Das kann teuer werden: Parkverbot für konventionell angetriebene Autos vor Ladestationen für Elektroautos ist gültig

Wer glaubt, ein Parkverbots-Schild vor einer Ladesäule für Elektroautos einfach ignorieren zu können, weil der Zusatz "Elektrofahrzeuge während des Ladevorgangs frei" in der Straßenverkehrsordnung nicht vorgesehen ist, muss mit einem Knöllchen rechnen. Das Oberlandesgericht Hamm hat entschieden: Auch Parkverbote ohne Grundlage in der Straßenverkehrsordnung müssen in bestimmten Fällen beachtet werden, sonst kann ein «Knöllchen» die rechtmäßige Folge sein.

Elektroauto-Ladestationen: Parkverbot für andere Autos

Ein Autofahrer aus Essen hatte seinen Wagen mit Verbrennungsmotor auf einem Parkstreifen vor einer Ladestation für Elektroautos abgestellt. Am Parkplatzschild war der in dieser Form nicht in der Straßenverkehrsordnung vorgesehene Zusatz «Elektrofahrzeuge während des Ladevorgangs» angebracht (Az.: 5 RBs 13/14 vom 27. Mai).

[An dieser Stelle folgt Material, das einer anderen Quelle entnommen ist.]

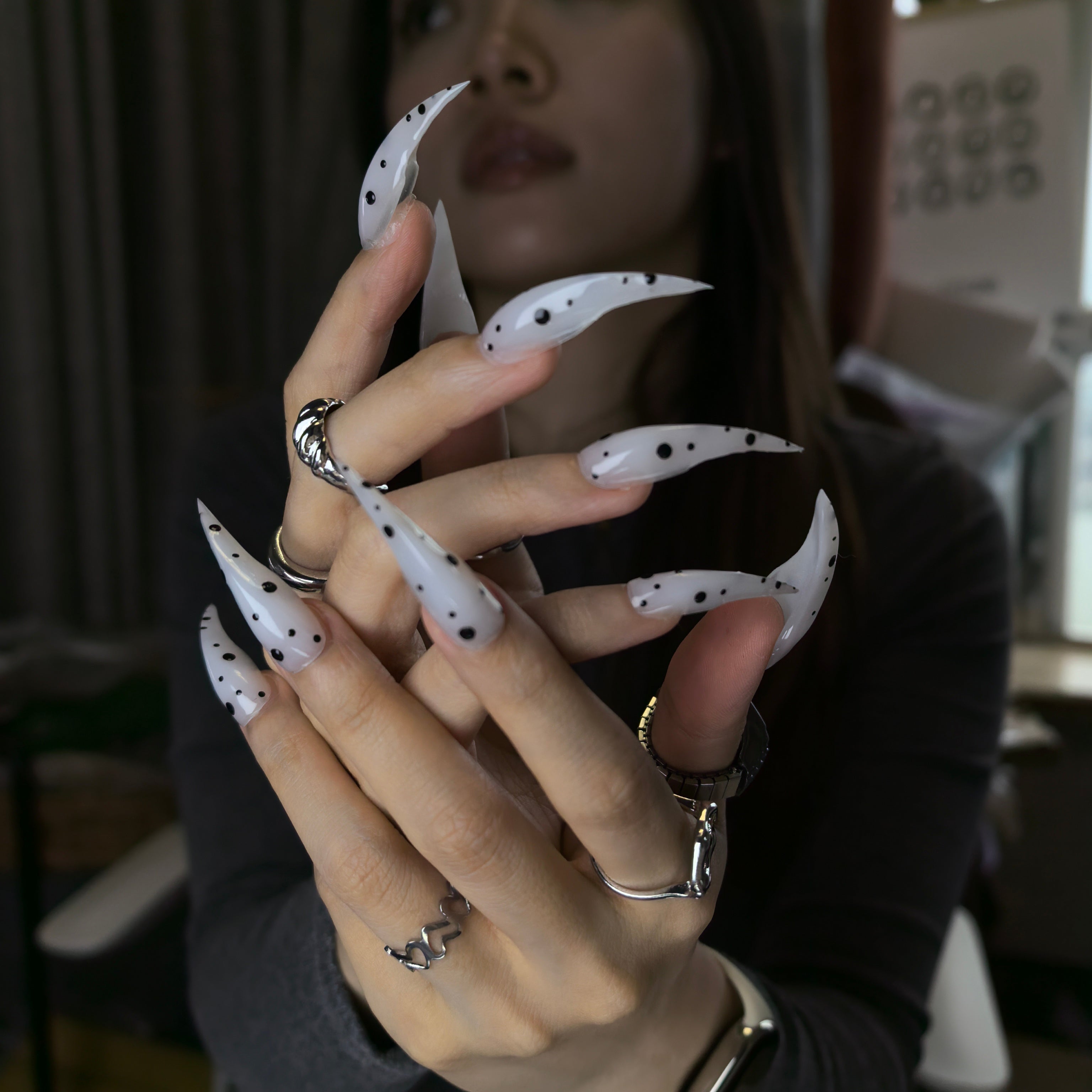 Woman wearing Cat Claw #9 handmade press-on nails — milky white black polka dot minimalist Y2K nail art by Poorguyshop
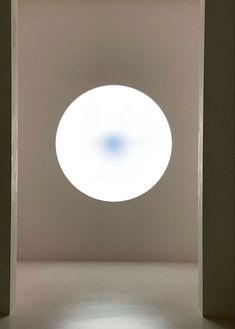 an empty room with a round light in the center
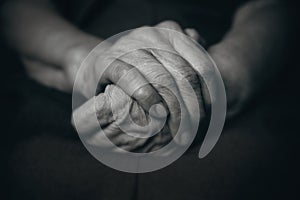 Two hands of an old man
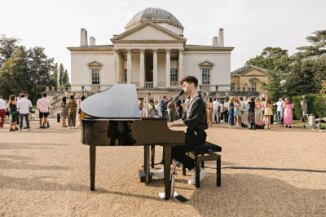 Elegant outdoor event at Chiswick House with live pianist, perfect for celebrations and networking.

Der Fahrer hatte sich deshalb geweigert, ein 10-Euro-Knöllchen für vorsätzliches Falschparken zu zahlen. Im Gegensatz zum Amtsgericht Essen sahen die Hammer Richter in ihrem am Donnerstag veröffentlichten Urteil kein Problem in der fehlenden Rechtsgrundlage. Die Beschilderung sei ein «Verwaltungsakt in Form einer Allgemeinverfügung» und deshalb wirksam, so die Begründung.